■ Data for review
━━━━━━

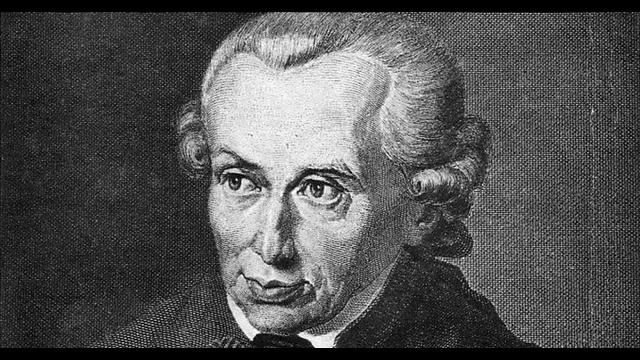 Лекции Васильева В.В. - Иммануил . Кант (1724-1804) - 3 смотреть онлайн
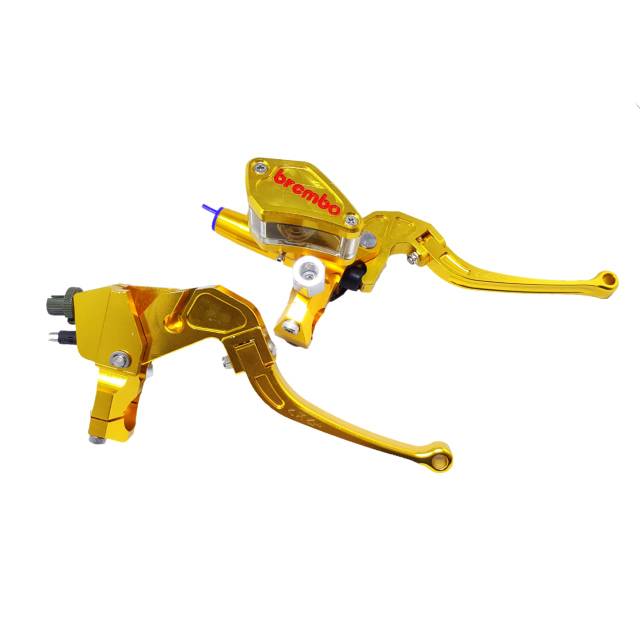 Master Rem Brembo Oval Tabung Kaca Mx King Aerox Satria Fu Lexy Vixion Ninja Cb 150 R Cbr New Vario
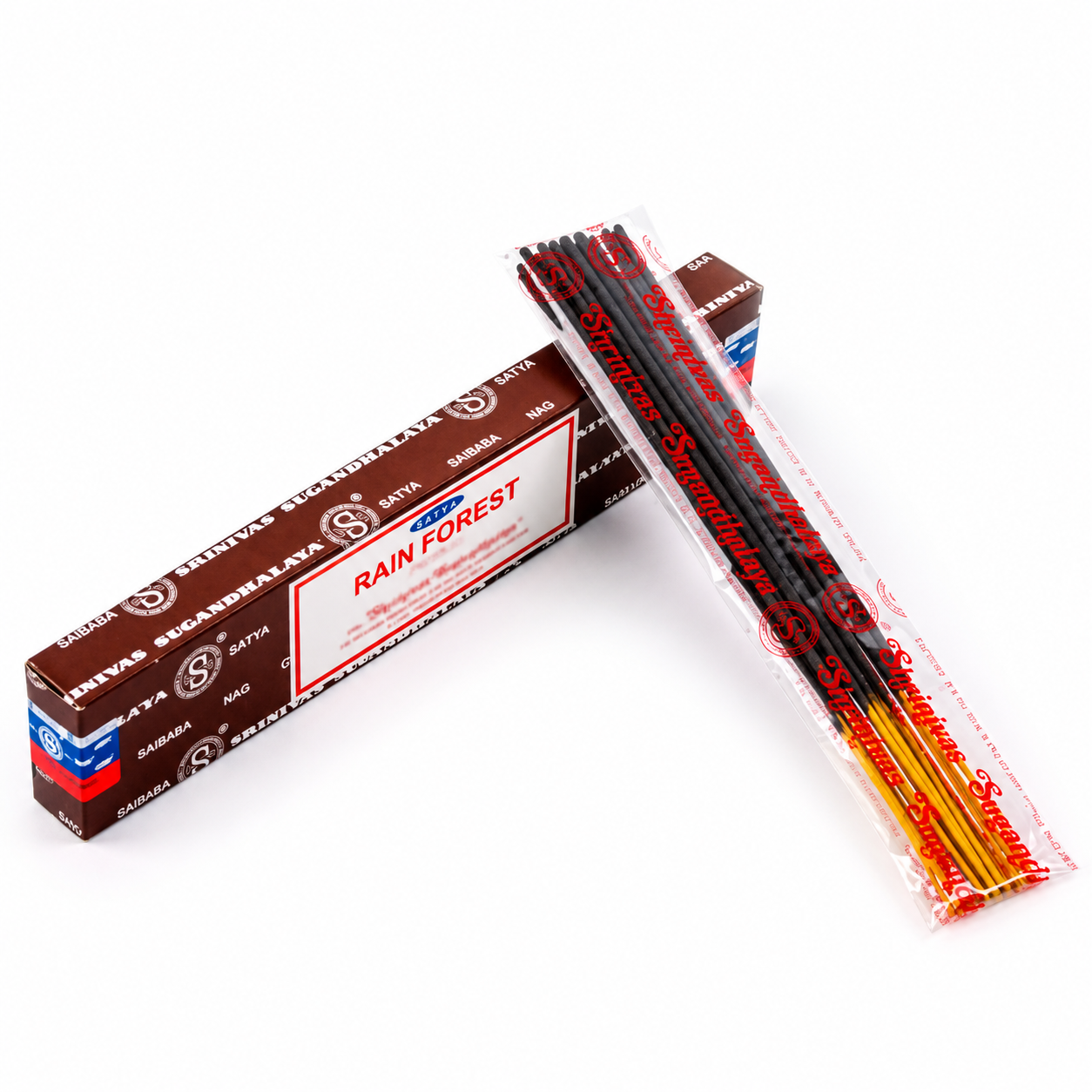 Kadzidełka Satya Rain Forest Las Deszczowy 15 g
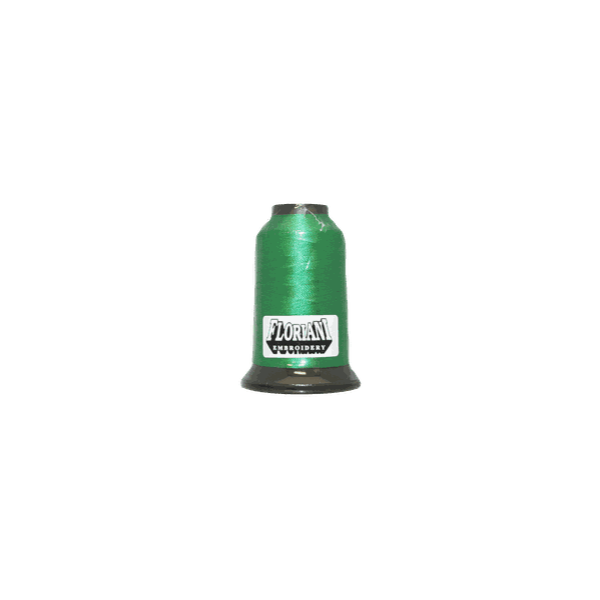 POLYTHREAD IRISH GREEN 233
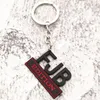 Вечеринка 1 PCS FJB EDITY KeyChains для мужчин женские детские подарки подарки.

━━━━━━

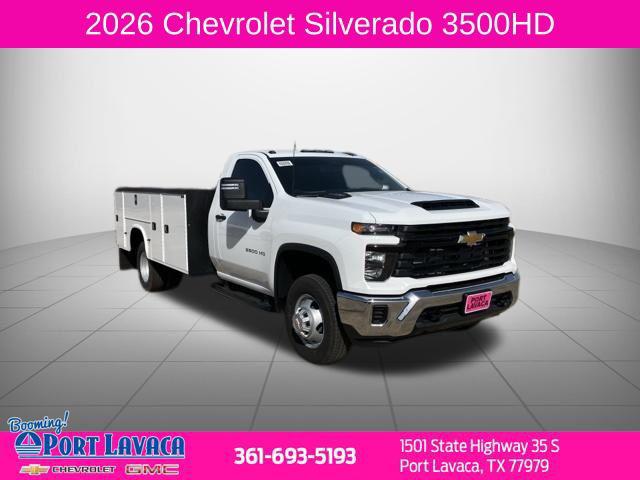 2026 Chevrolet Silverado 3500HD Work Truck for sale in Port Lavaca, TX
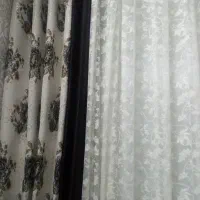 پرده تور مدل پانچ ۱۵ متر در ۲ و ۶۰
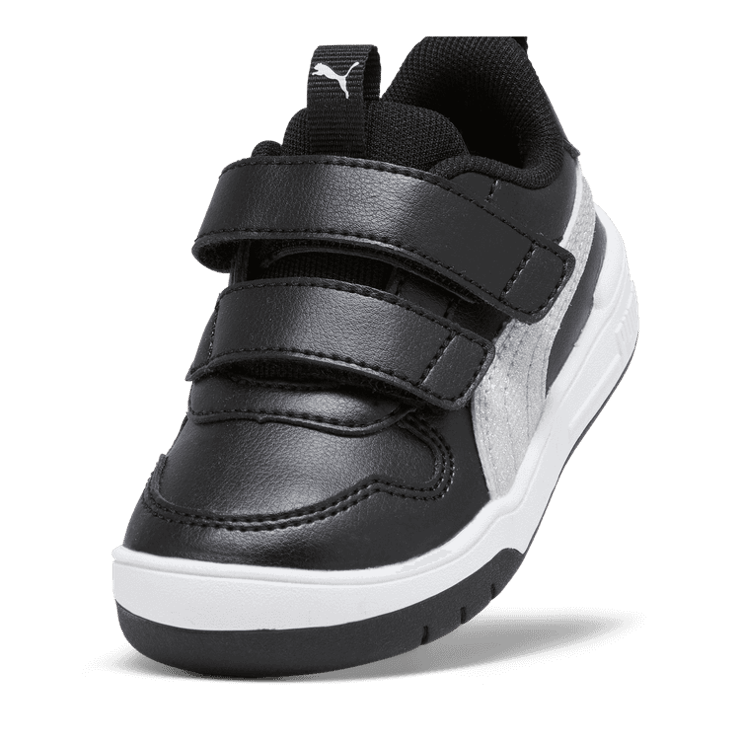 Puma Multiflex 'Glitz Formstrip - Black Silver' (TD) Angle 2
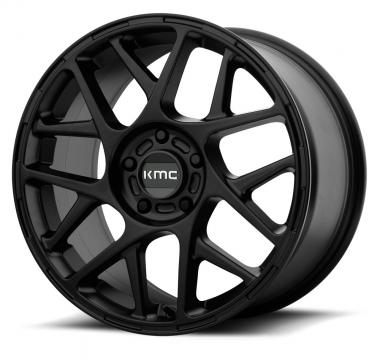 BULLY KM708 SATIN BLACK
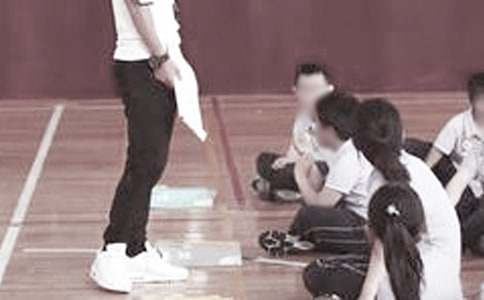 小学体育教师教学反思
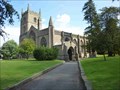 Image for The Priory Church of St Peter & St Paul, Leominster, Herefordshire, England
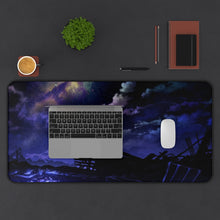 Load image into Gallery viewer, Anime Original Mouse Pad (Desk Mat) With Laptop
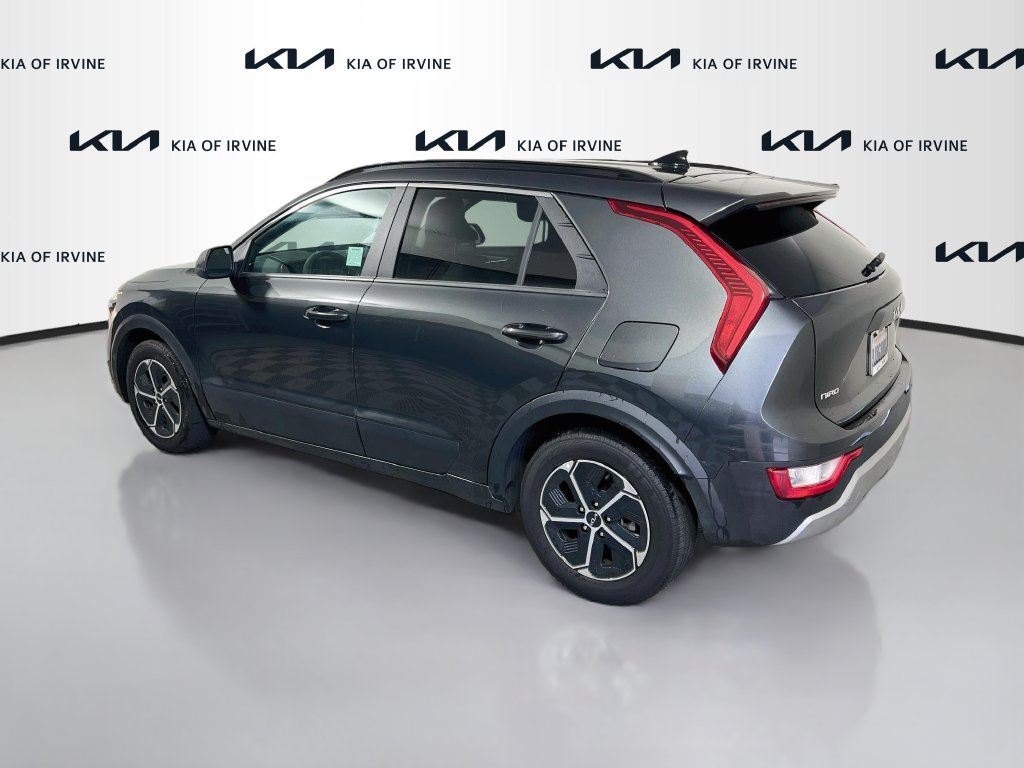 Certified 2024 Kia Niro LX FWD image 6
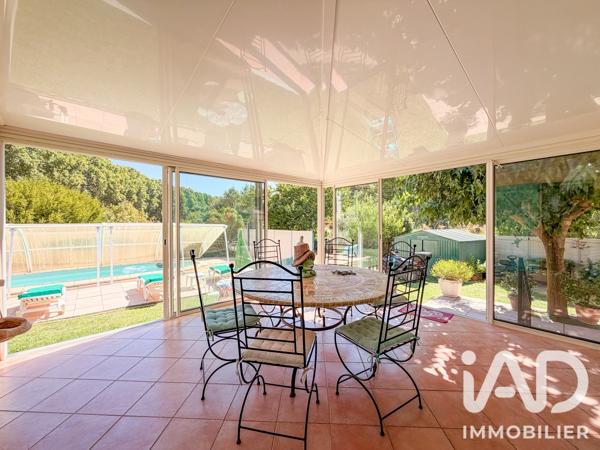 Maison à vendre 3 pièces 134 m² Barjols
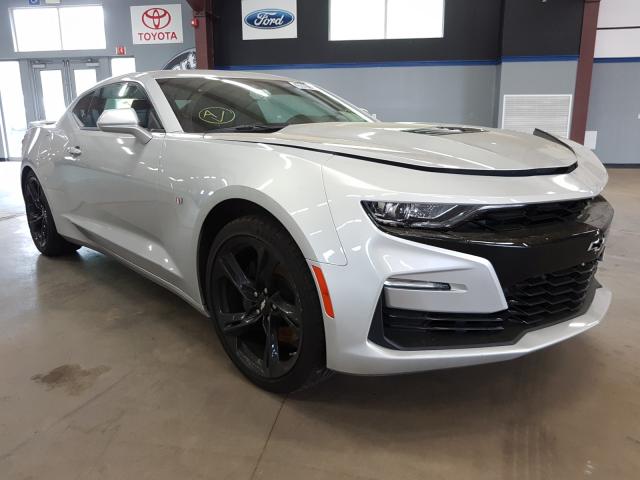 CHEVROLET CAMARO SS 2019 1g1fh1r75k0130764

━━━━━━

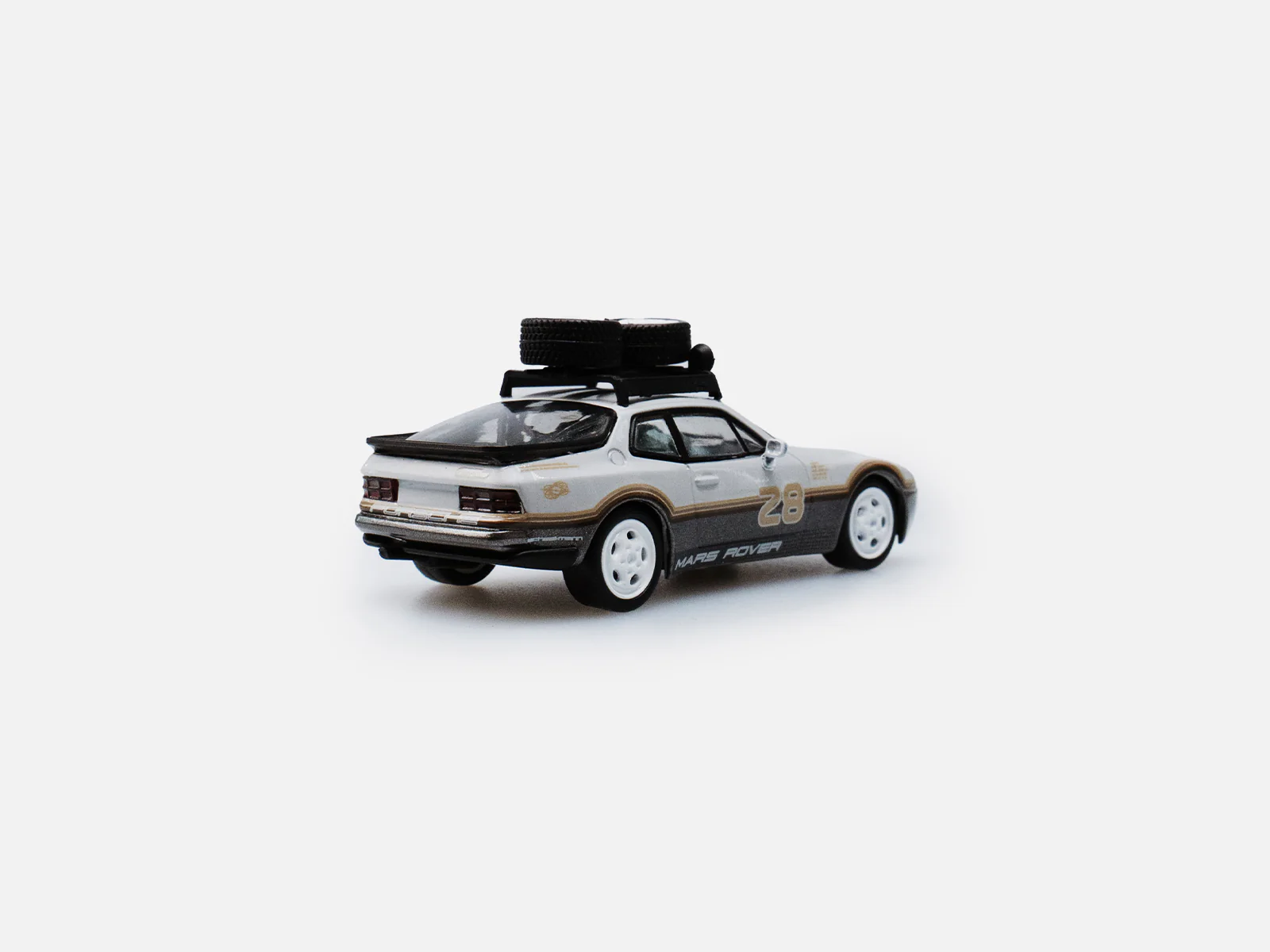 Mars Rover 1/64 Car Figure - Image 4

━━━━━━

■ Exercise brief
Only one part of the material above is wanted: the lines from the one with "2026 Chevrolet Silverado" up to and including the one with "CHEVROLET CAMARO SS 2019 1g1fh1r75k0130764". Please copy them exactly, pictures left out.

■ Output below
 2026 Chevrolet Silverado 3500HD Work Truck for sale in Port Lavaca, TX
 پرده تور مدل پانچ ۱۵ متر در ۲ و ۶۰
 Puma Multiflex 'Glitz Formstrip - Black Silver' (TD) Angle 2
 BULLY KM708 SATIN BLACK
 小学体育教师教学反思
 Image for The Priory Church of St Peter & St Paul, Leominster, Herefordshire, England
 Load image into Gallery viewer, Anime Original Mouse Pad (Desk Mat) With Laptop
 Certified 2024 Kia Niro LX FWD image 6
 Maison à vendre 3 pièces 134 m² Barjols
 CHEVROLET CAMARO SS 2019 1g1fh1r75k0130764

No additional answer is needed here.